- [TASK DESCRIPTION]: In the material below, find the line that contains "House image located" and the line that contains "Online Live Extra-Curricular", then write out exactly those two lines and everything between them.

··· INFORMATION SUPPLIED

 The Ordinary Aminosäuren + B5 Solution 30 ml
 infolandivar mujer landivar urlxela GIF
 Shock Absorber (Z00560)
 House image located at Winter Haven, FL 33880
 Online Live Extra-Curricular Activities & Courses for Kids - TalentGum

······
··· INFORMATION SUPPLIED

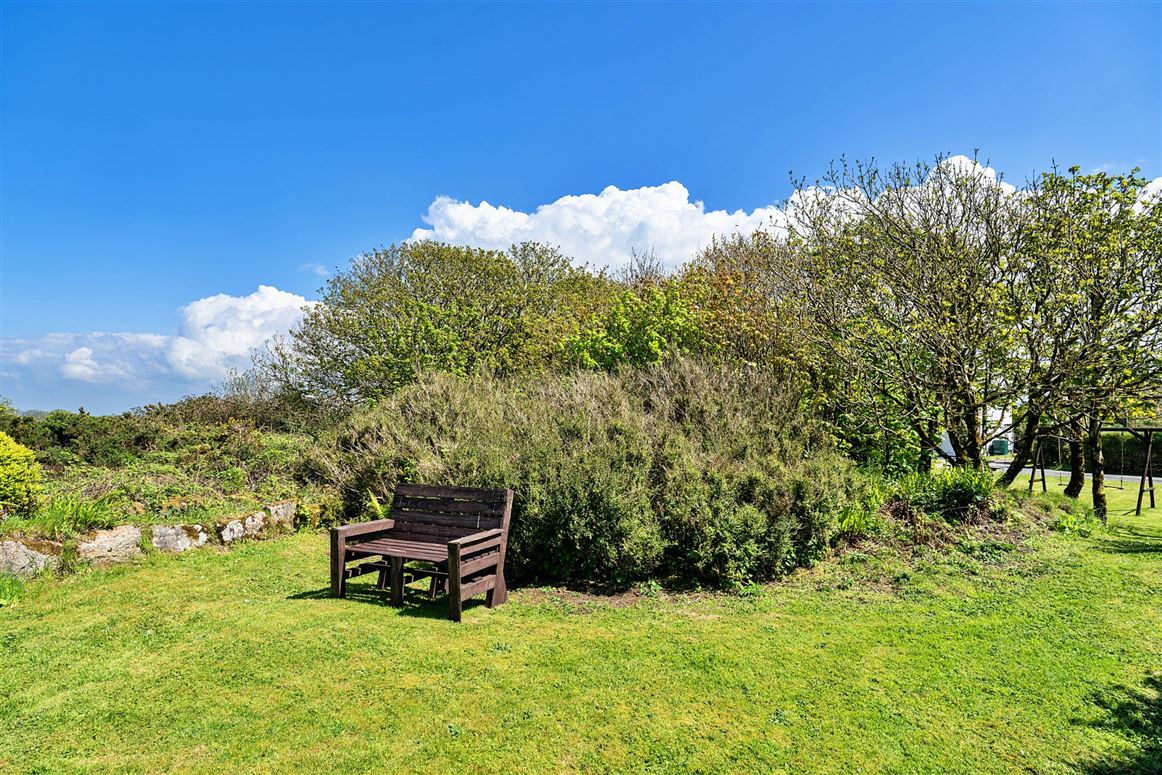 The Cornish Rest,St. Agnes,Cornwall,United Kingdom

······

- [SOLUTION FOR THIS TASK]:
 House image located at Winter Haven, FL 33880
 Online Live Extra-Curricular Activities & Courses for Kids - TalentGum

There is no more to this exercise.